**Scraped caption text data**
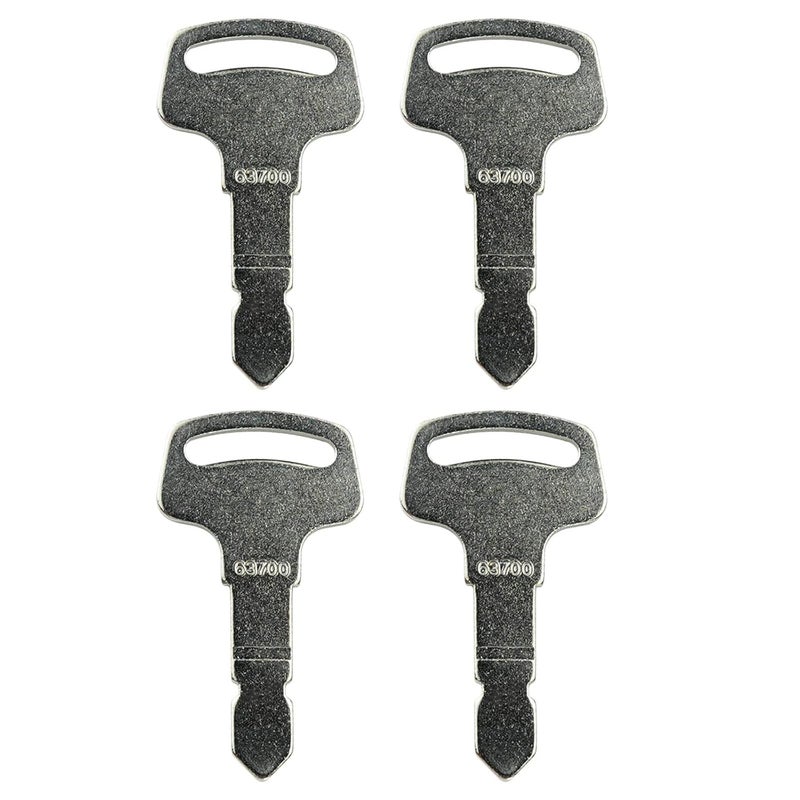 gradora 4PCS 15248-63700 Ignition Key Compatible with Ku-bota B Series Tractor Case & New Ho-lland 6C040-55432 6C040-55430 - Image 2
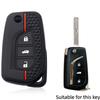 Силиконовый чехол-брелок для ключа автомобиля для Citroen C1 для Toyota Auris Corolla Reiz Yaris Aygo Rav4 2022 Scion Hilux для Peugeot 108
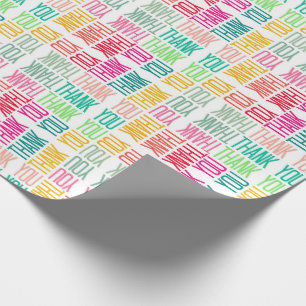 Colourful Thanks Cheerful Appreciation Gift Wrap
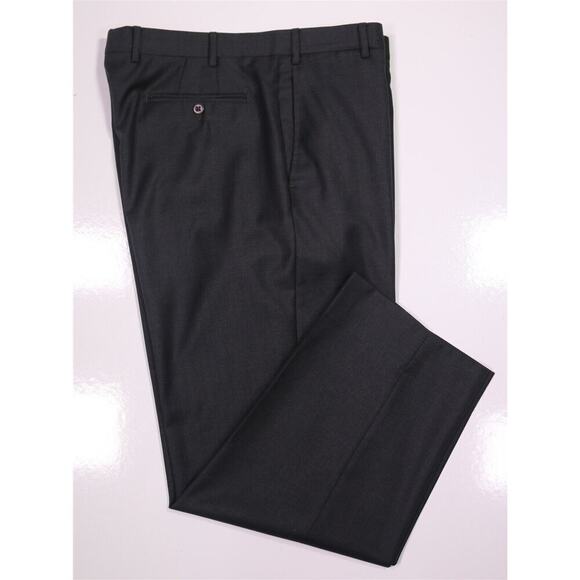 Zanella Todd Solid Charcoal Gray Flat Front Dress Pants Trousers 36x28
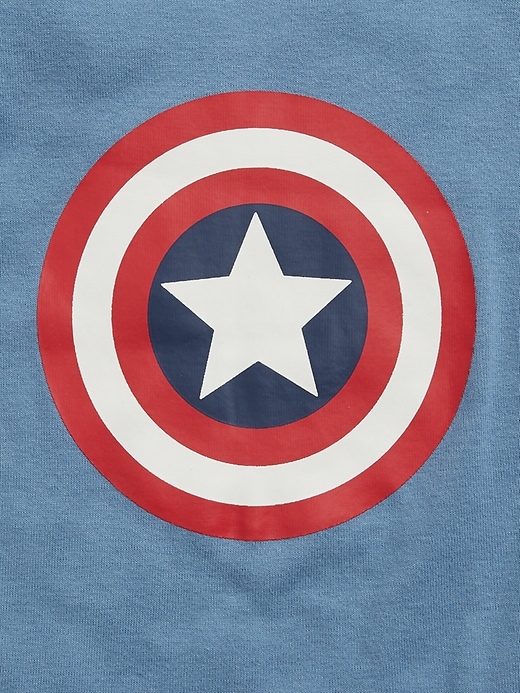 L'image numéro 2 présente Pyjama en coton biologique babyGap à motif Capitaine America de Marvel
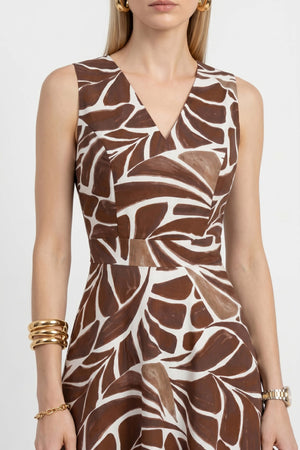 Olivia V-Neck Sleeveless Vestido Corto - Reina Diaz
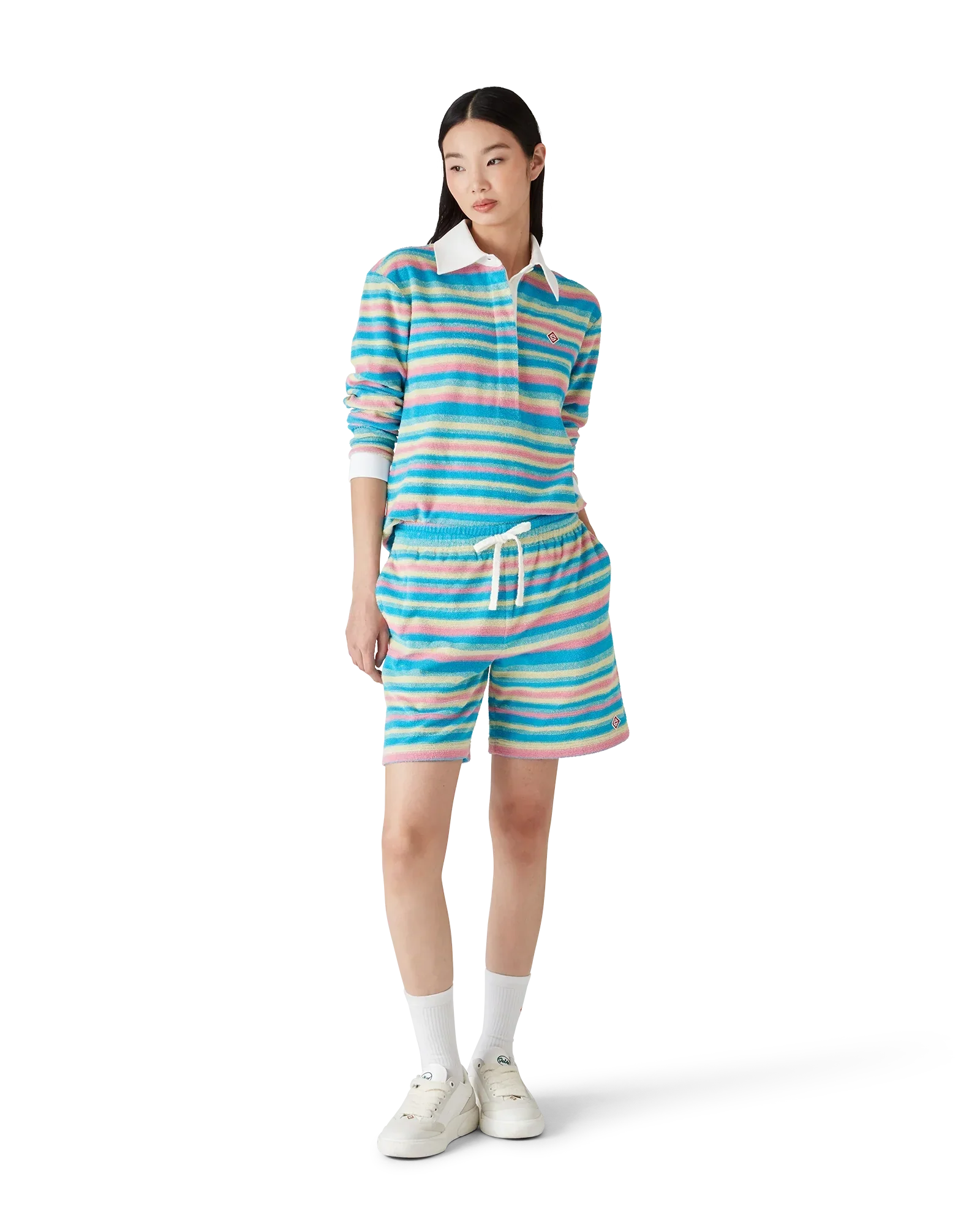 Stripe Towelling Polo Shirt | Casablanca Paris | Image 2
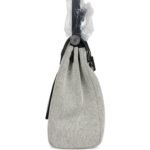 Hermes Herbag Zip 31 PM Hobnailed Black and Ecru Printed H Plume Canvas and Vache Hunter Palladium Hardware - Image 3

**Work required**
The entries above are to be printed again word for word, with every picture removed.

**The answer**
 gradora 4PCS 15248-63700 Ignition Key Compatible with Ku-bota B Series Tractor Case & New Ho-lland 6C040-55432 6C040-55430 - Image 2
 Силиконовый чехол-брелок для ключа автомобиля для Citroen C1 для Toyota Auris Corolla Reiz Yaris Aygo Rav4 2022 Scion Hilux для Peugeot 108
 Colourful Thanks Cheerful Appreciation Gift Wrap
 Zanella Todd Solid Charcoal Gray Flat Front Dress Pants Trousers 36x28
 L'image numéro 2 présente Pyjama en coton biologique babyGap à motif Capitaine America de Marvel
 Olivia V-Neck Sleeveless Vestido Corto - Reina Diaz
 Stripe Towelling Polo Shirt | Casablanca Paris | Image 2
 Hermes Herbag Zip 31 PM Hobnailed Black and Ecru Printed H Plume Canvas and Vache Hunter Palladium Hardware - Image 3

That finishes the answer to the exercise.